Quand on parle un minima anglais, l’EP, bourré de vannes (et de parenthèses vocales interminables) peut avoir un intérêt mais avec notre niveau A2 national, j’émets un doute sur le fait qu’il explose le Top 50. Même si a priori, et au regard de l’album, ce n’était pas le but. The East Nashville Kroger Conversation en est l’exemple, trois minutes de conversation qui résume une ‘private joke’ entre braves gens du sud des Etats-Unis, laissant le reste du monde, ces cons, hors course.

Le reste est un savant medley. De pistes en pistes, on exhume Minor Treat ou Simon & Garfunkel sans complexe, ni compassion pour l’auditeur. A l’image de Related Artists, charge punk de 56 secondes, parodiant l’angoisse (et la haine) de tout bon artiste en manque de reconnaissance.

L’ambiance s’adoucie immédiatement avec le morceau suivant, I’m On The Guestlist, qui se voit habillé d’une piste de tabla coulante version ‘Garage Band’, complètement assumée. Bien qu’elle soit un véritable pamphlet contre ces putains de casses couilles qui veulent rentrer gratis en concert, elle n’en reste pas moins une chanson merdique. Emotional Impact For Sale clôt le karaoké, et, est pour le coup un bon morceau. Tout y est, la mélodie, l’esprit, l’émotion, le message, bref c’est simple on croirait entendre les Beatles, ce qui est déjà un exploit en soi.

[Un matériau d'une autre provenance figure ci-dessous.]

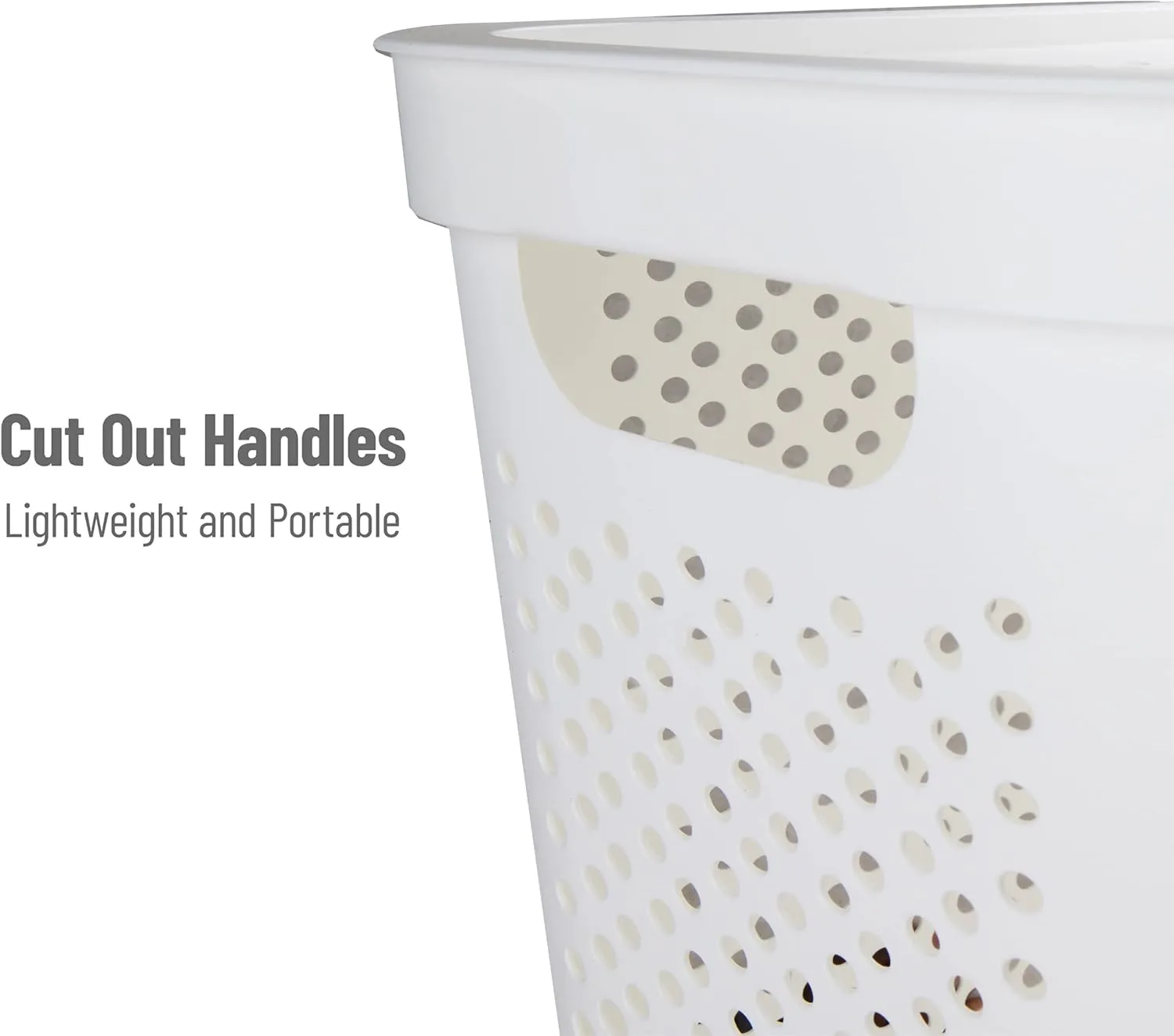 Mind Reader 60L Slim Laundry Hamper, Clothes Basket, Lid, Ventilated, Plastic, 17.25"L x 13.75"W x 23.5"H, Set of 2, White
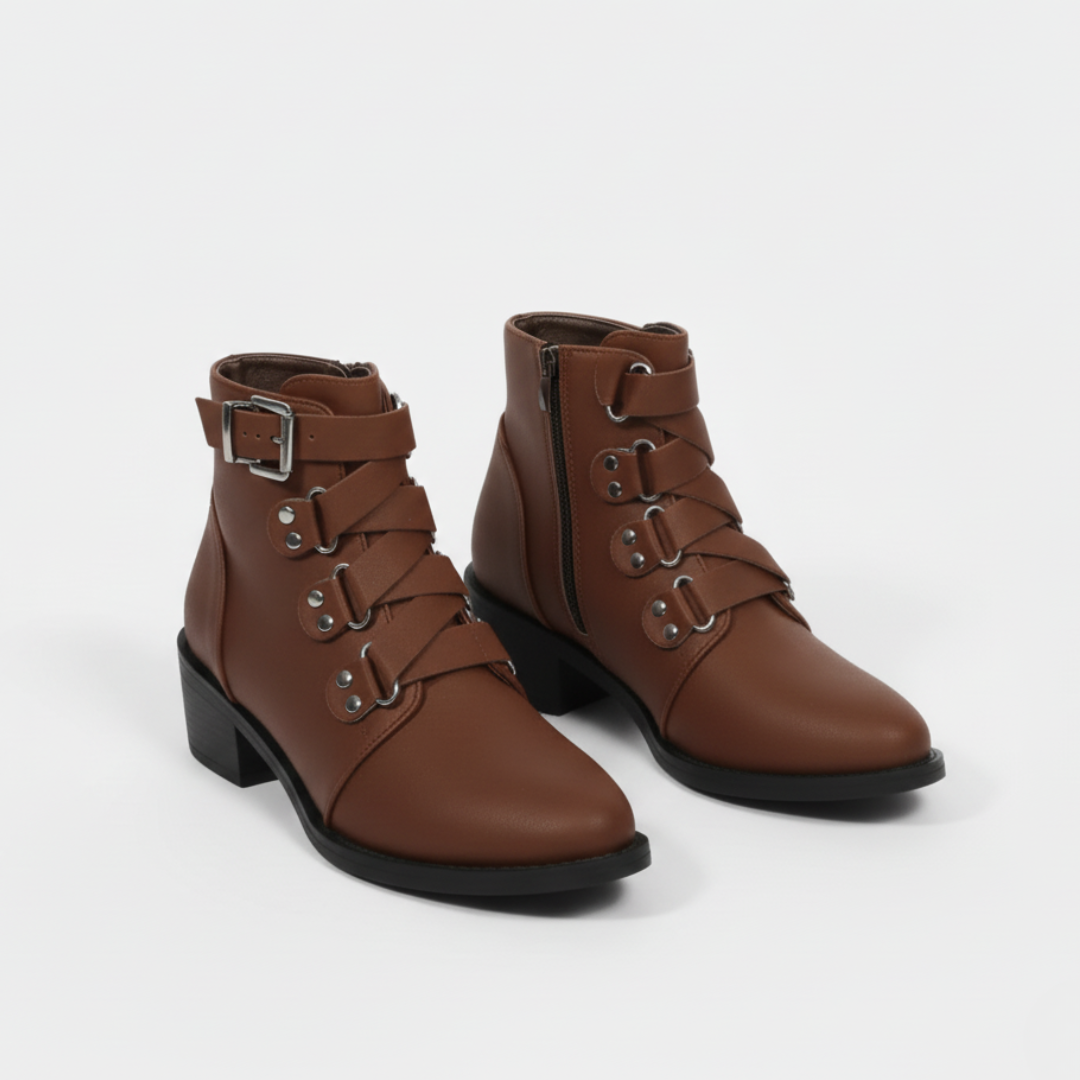 Faux Leather Buckle Strap Ankle Boots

Youtubular sauve la mise et c’est le premier vrai et bon morceau où il n’y a, à priori pas de blagues particulières ni de bordel linguistique incompréhensible. Juste un bon jam inspiré de surf music qui rappelle certains grands moments du béni ‘Heavy Meta’. Il paraît qu’il y a quand même quatorze mélodies facilement reconnaissables, cachées tout au long du titre.

On l’aura compris tout ça n’était qu’une vaste blague sur tout ces connards, qu’il soient auditeurs, amateurs, sourds, journalistes, professionnels de l’industrie, poivrots, artistes etc etc. Néanmoins, n’arrêtez pas de croire en lui pour autant : Ron Gallo vient d’être programmé au prochain Levitation d’Austin, et ses lives ont toujours tendance à émasculer les groupes qui se prennent un peu trop au sérieux. Au moins une chose qu’on ne lui reprochera pas.